Active Learning Of Manipulation Sequences

Nicola Covallero, David Martínez, Guillem Alenyà, Carme Torras


Manipulation planning of cluttered objects involves a mixture of symbolic and geometric constraints which makes such planning very time consuming and often unsuitable for real applications. We propose to divide the geometric restrictions in two groups. The ones in the first group are used to generate a set of symbolic states used for planning. The evaluation of the ones in the second group is delayed after planning, and only relevant ones are evaluated when necessary. Each evaluation generates new states, and replanning is performed when necessary. The proposed system is able to get in few seconds a suitable sequence of pushing and grasping actions to achieve the goal of clearing a table.

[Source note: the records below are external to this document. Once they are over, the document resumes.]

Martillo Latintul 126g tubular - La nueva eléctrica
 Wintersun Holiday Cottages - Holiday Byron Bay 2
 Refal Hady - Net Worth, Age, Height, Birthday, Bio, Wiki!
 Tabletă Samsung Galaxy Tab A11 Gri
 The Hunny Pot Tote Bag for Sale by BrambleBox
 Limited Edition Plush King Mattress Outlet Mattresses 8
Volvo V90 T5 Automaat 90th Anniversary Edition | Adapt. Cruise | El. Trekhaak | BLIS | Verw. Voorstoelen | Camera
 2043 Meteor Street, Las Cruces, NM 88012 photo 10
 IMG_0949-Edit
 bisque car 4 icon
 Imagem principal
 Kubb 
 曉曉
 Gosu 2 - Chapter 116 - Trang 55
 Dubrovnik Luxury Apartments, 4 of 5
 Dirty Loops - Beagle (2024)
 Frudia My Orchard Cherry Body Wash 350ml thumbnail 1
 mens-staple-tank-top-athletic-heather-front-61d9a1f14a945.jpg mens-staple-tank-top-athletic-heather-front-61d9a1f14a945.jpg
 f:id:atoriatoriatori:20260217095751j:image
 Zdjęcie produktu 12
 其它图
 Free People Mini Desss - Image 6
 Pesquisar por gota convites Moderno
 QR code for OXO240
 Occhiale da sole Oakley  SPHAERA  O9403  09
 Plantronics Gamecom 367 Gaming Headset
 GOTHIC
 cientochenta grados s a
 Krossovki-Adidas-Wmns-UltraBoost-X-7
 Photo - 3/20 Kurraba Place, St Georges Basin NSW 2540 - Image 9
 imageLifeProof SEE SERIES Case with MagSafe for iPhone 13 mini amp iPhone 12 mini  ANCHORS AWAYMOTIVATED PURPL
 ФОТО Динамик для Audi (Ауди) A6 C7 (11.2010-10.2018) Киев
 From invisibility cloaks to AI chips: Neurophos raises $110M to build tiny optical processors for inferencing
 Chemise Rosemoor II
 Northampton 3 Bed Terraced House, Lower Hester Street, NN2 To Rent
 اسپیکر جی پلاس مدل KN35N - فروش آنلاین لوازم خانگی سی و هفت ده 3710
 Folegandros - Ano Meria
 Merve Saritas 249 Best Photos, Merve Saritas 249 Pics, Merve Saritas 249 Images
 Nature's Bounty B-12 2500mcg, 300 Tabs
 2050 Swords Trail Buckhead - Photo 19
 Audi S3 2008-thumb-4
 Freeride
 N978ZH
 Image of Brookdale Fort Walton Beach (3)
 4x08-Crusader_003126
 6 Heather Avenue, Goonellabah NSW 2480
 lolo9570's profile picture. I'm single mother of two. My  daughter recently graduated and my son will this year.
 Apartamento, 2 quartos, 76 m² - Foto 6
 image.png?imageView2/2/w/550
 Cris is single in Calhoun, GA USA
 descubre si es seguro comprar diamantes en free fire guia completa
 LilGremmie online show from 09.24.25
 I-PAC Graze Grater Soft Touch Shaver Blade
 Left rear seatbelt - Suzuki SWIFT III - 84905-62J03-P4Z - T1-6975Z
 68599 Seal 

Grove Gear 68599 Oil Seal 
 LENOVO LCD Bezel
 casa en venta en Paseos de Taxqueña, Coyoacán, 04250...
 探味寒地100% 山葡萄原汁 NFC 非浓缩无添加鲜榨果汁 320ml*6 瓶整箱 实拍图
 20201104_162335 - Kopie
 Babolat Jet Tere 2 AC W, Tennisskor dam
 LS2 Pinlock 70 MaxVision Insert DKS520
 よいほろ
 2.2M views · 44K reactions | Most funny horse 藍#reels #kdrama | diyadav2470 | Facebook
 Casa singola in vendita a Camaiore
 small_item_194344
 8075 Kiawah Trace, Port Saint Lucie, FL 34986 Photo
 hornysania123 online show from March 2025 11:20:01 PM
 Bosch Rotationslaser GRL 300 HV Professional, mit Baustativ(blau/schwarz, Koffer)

Its main advantage is that plans at a deterministic symbolic level with limited geometrical information, making the planning stage fast. We present a simple but effective implementation using only two actions and four pushing directions, and checking only the feasibility of the first action in the plan. Three different experiments validate the proposed system and show its potential in real robotic scenarios.


When the object is free of colision it is grasped.

If there is a collision, a push action in the convenient direction moves the object to a suitable position.

The length of the translation depends on the neighbor objects.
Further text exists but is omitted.